Six Reasons behind the Debacle
Obama’s first mistake was to take responsibility for the economic crisis. In his quixotic quest for a bipartisan solution, he made George W. Bush’s problem his own. Margaret Thatcher and Ronald Reagan never made this mistake. They took no responsibility for the economic problems of the 1970s, heaping the blame entirely on their liberal predecessors and eschewing any bipartisan alliance with those they considered their ideological enemies. Roosevelt, too, slammed – and slammed hard –his ideological foes, those he termed “economic royalists.”
Insofar as Obama and his lieutenants identified villains, this was Wall Street. Yet saying the financial elite brought on the crisis, while bailing out key Wall Street financial institutions such as Citigroup and AIG on the grounds that they were “too big to fail,” involved Obama in a terrible contradiction. The least that he could have done was to remove the existing boards and top managers of these organizations as a condition for government funds. Instead, unlike the case of General Motors, the top dogs stayed on board and continued to collect sky-high bonuses to boot.

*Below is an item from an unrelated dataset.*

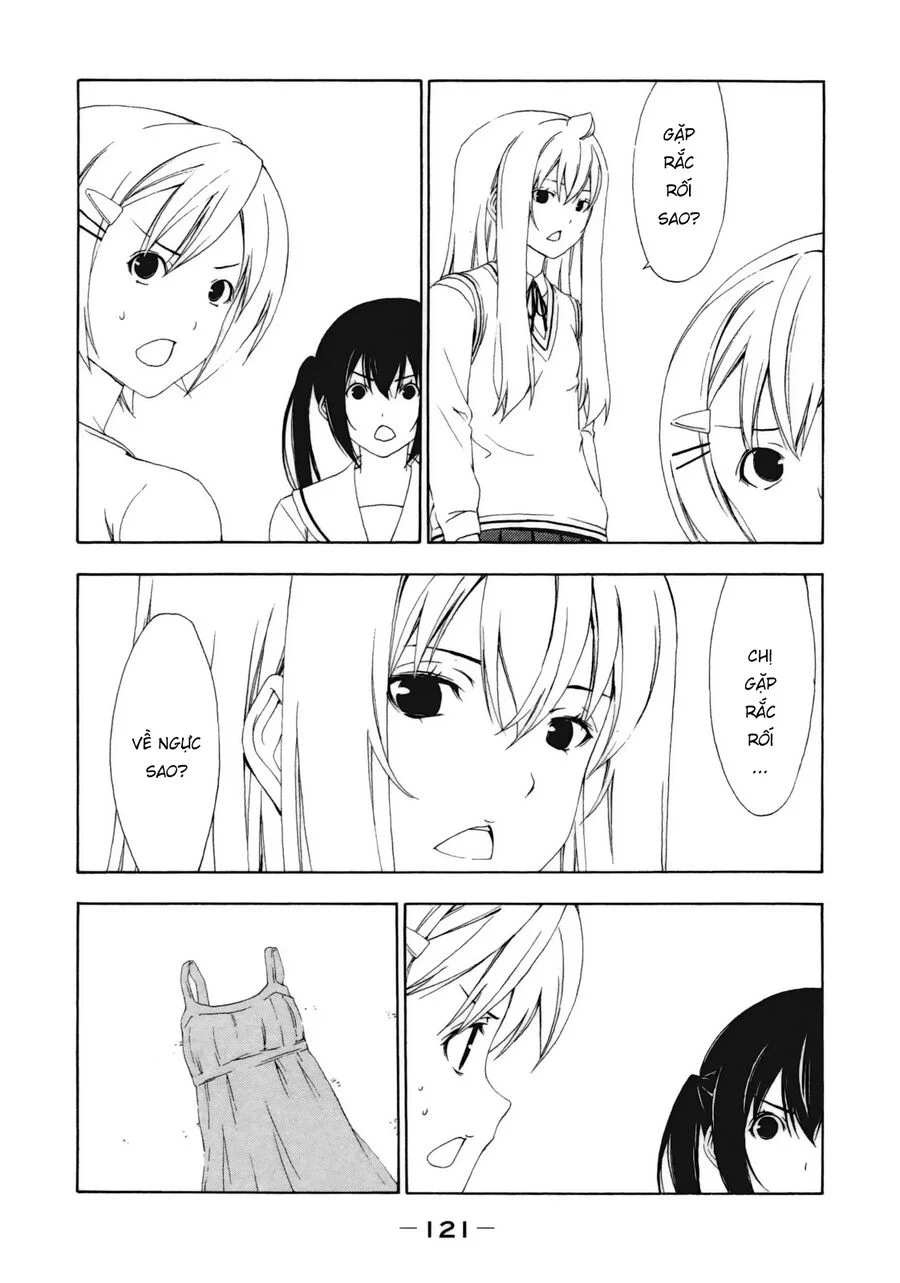 Minami-Ke Chapter 114 - Trang 3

The strong sense of disconnect between word and deed was exacerbated rather than alleviated by the Democrats’ financial reform. The measure did not have the minimum conditions for a reform with real teeth: the banning of derivatives, a Glass-Steagall provision preventing commercial banks from doubling as investment banks; the imposition of a financial transactions tax or Tobin tax; and a strong lid on executive pay, bonuses, and stock options.

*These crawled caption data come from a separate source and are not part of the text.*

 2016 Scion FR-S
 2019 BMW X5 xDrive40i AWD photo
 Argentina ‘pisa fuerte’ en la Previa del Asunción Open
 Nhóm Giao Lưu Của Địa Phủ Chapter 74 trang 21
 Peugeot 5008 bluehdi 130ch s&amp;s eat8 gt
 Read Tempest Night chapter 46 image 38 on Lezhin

Third, Obama had a tremendous opportunity to educate and mobilize people against the neoliberal or market fundamentalist approach that deregulated the financial sector and caused the crisis. Although Obama did allude to unregulated financial markets as the key problem during the campaign, he refrained from demonizing neoliberalism after he took office, thus presenting an ideological vacuum that the resurgent neoliberals did not hesitate to fill. No doubt he failed to launch a full-scale ideological offensive because his key lieutenants for economic policy, National Economic Council head Larry Summers and Treasury Secretary Tim Geithner, had not broken with neoliberal thinking.
Fourth, the stimulus package of $787 billion was simply too small to bring down or hold the line on unemployment. Here, Obama cannot say he lacked good advice. Paul Krugman, the Nobel laureate, and a whole host of Keynesian economists were telling him this from the very start. For comparison, the Chinese stimulus package of $580 billion was much bigger relative to the size of the economy than the Obama package. For the White House now to say that the employment situation would now be worse had it not been for the stimulus is, to say the least, politically naïve. People operate not with wishful counterfactual scenarios but with the facts on the ground, and the facts have been rising unemployment with no relief in sight.
Politics in a time of crisis is not for the fainthearted. The middle-of-the road approach represented by the size of the stimulus was the wrong response to a crisis that called for a political gamble: the deployment of the massive fiscal firepower of the government against the predictable howls of anger from the right.
Fifth, Obama and Federal Reserve Board Chairman Ben Bernanke deployed mainly Keynesian technocratic tools—deficit spending and monetary easing—to deal with the consequences of the massive failure of market fundamentalism. During a normal downturn these countercyclical tools may suffice to reverse the downturn. But standard Keynesianism could address such a serious collapse only in a very limited way. Besides, people were looking not only for relief in the short term but for a new direction that would enable them to master their fears and insecurities and give them reason to hope.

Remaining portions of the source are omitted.